If you love Crumbl cookies, you need to try this CRUMBL Kentucky Butter cake Cookies copycat recipe, Chewy CRUMBL Churro Cookies Copycat Recipe, Chilled CRUMBL Twix Cookies Copycat Recipe and even Chilled Crumbl Sugar Cookies Copycat recipe.

Cinnamon cookie on mug

CRUMBL cinnamon roll cookies are life changing. Believe it or not, after trying them a little white back they quickly became my favorite cookie ever! I mean they literally combine cookies with one of the best breakfast/brunch item ever.

It is the most comforting treat you’ll ever made and it is one of my best cinnamon cookie recipes so far. I know, I know, I said that the CRUMBL Churro Cookies were my favorites but these quickly dethroned that one!

The balance of flavors of this cookie is incredible. I took inspiration form the CRUMBL Churro Cookie recipe and turned it into this.

The secret is to actually bake the cinnamon sugar mixture with the cookie itself to be able to infuse the soft cinnamon sugar cookie with all the cinnamon bun flavors.

If you never try any of my recipes, this is the one you have to try!

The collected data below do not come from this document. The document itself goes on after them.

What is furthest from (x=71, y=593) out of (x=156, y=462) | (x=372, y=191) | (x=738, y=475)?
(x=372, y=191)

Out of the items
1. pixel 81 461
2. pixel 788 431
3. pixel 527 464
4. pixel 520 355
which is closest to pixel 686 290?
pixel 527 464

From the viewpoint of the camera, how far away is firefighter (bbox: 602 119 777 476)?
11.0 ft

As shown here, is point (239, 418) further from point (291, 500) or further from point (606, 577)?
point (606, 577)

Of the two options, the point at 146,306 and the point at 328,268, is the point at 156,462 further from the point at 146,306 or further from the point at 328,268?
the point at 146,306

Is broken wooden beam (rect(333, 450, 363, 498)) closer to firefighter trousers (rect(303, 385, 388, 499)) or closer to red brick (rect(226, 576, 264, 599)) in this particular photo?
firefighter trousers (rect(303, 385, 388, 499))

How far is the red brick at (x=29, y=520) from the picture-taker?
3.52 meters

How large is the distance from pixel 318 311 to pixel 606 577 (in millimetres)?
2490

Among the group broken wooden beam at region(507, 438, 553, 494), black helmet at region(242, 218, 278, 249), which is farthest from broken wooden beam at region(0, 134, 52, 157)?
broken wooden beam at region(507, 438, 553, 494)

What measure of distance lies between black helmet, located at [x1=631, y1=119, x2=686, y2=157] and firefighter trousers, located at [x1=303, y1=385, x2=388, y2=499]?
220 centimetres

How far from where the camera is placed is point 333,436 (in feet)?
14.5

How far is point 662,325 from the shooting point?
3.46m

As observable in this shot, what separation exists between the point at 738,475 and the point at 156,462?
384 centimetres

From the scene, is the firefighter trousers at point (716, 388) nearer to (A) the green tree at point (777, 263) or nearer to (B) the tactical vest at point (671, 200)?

Cinnamon bark with CRUMBL cinnamon swirl cookies

Why you need to make this recipe!

  • IT TASTES LIKE A CINNAMON ROLL! (If you’re not soft with this statement I don’t know what to tell you haah!)
  • The cookies are soft, chewy, and melt in your mouth.
  • They are the closest Crumbl copycat recipe I’ve tried and I’ve tried a lot that I found on the internet and Tiktok to see which one would be the closest. Since I couldn’t find anything, I had to make this one.
  • It is topped with a creamy cream cheese frosting.
Cinnamon swirl crumbl cookies

Here are the ingredients you will need to make these cinnamon roll cookies. Make sure to scroll down to the recipe card for the full detailed ingredient measurements.

  • Butter- You will need to use softened butter for this recipe. You can also use either salted or unsalted.
  • Granulated and brown sugar– The combination of granulated sugar and brown sugar will make this cookie extra soft and chewy. You will also need both of these to make the cinnamon sugar topping and frosting.
  • egg– Use a large egg at room temperature.
  • Vanilla– The vanilla will add extra depth.
  • Lemon juice– The lemon juice does what cream of tartar does to snickerdoodle cookies. It will keep the sugar from crystalizing and allow the cookie to stay super soft.
  • Flour– All-purpose flour is what you will need for the cookies as well as the cinnamon sugar topping.
  • Corn starch- The corn starch will make these cookies more tender.
  • Baking powder & baking soda– This will add leavening to your cookies and give them a little extra height.
  • Cinnamon – The cinnamon is one of the main ingredients in this cookie recipe. It is used in the cookie dough as well as in the cinnamon sugar topping.
  • Salt– The salt will help balance out the sweetness of this treat.
  • Cream cheese– The cream cheese will need to be softened to make the cream cheese frosting.
  • Powdered sugar– You will need some powdered sugar to make
Inside of CRUMBL cinnamon roll cookies

How to make CRUMBL cinnamon roll cookies

This is how you can make these amazing cinnamon roll cookies at home. Make sure to scroll down to the recipe card for the full detailed instructions!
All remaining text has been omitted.